Start of Block

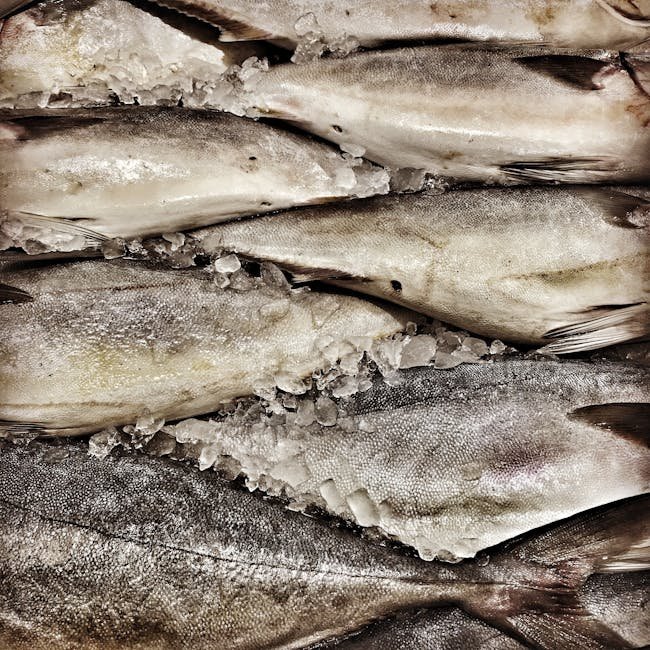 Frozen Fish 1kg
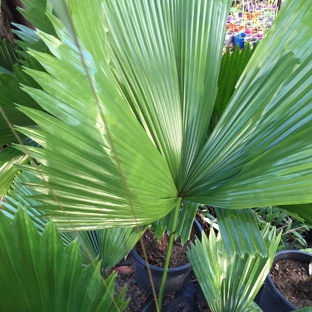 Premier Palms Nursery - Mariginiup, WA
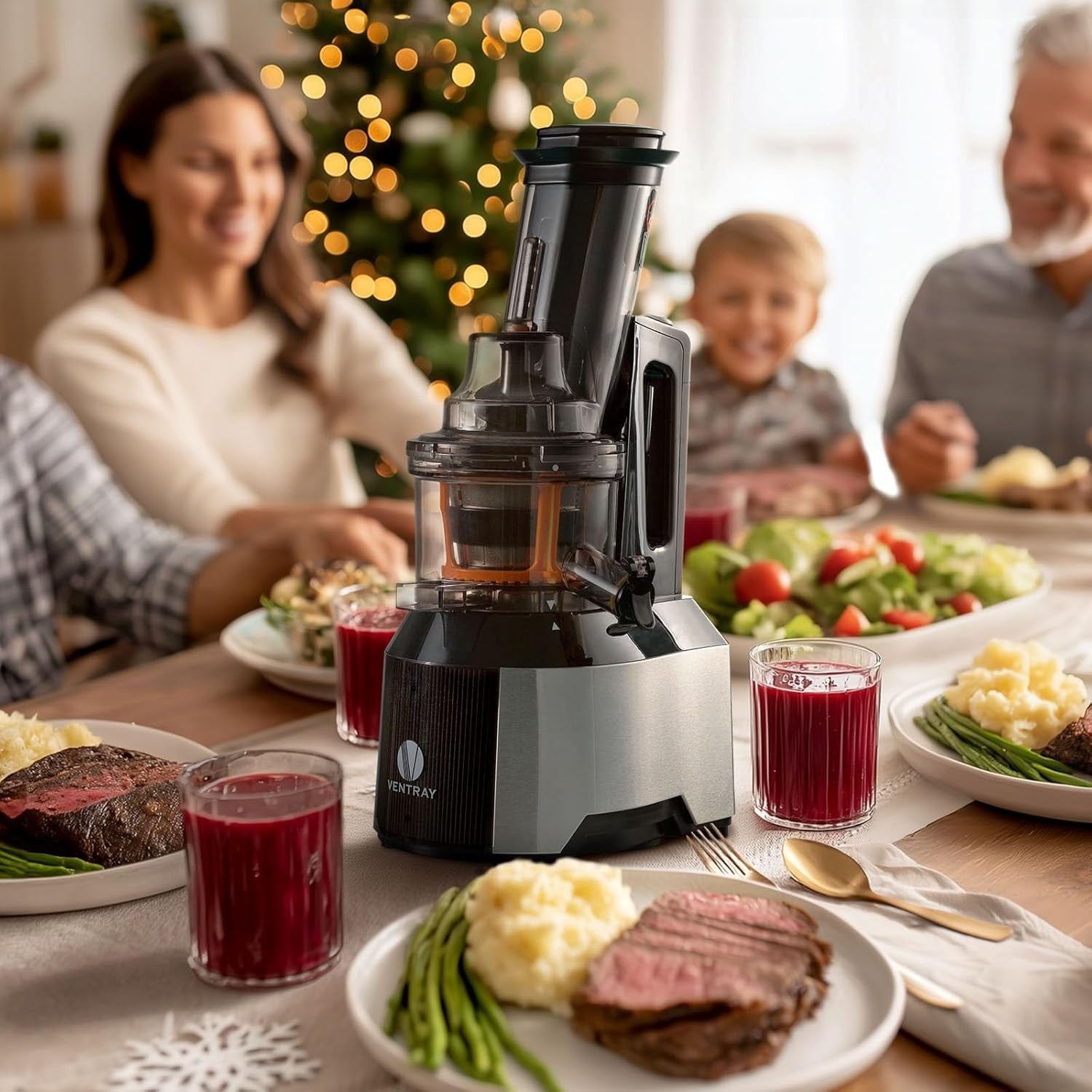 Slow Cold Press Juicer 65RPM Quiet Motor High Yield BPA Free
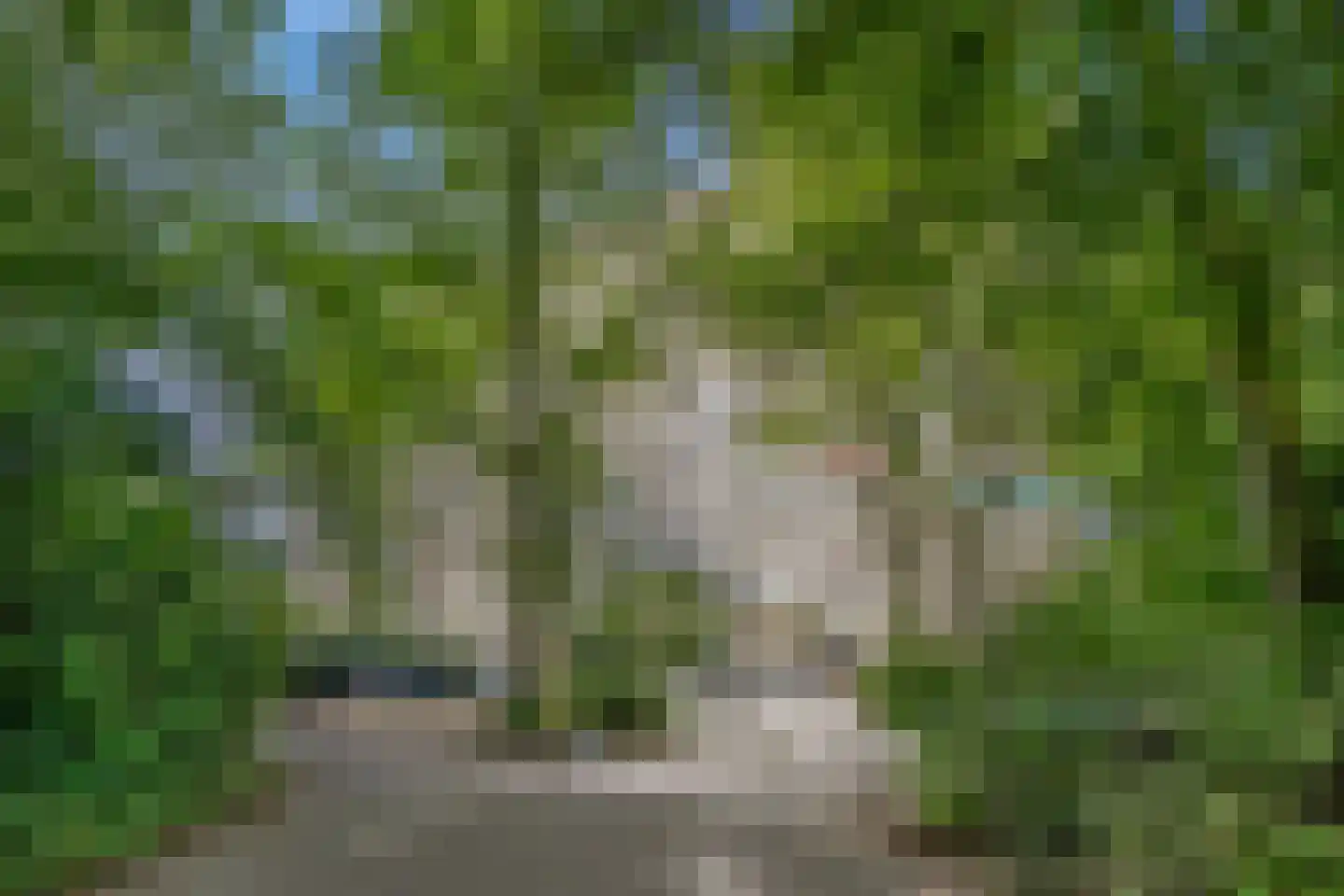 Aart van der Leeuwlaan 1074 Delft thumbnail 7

End of Block

Copy out all of the listing word for word, but skip the images.

■ **COMPLETED EXERCISE**
 Frozen Fish 1kg
 Premier Palms Nursery - Mariginiup, WA
 Slow Cold Press Juicer 65RPM Quiet Motor High Yield BPA Free
 Aart van der Leeuwlaan 1074 Delft thumbnail 7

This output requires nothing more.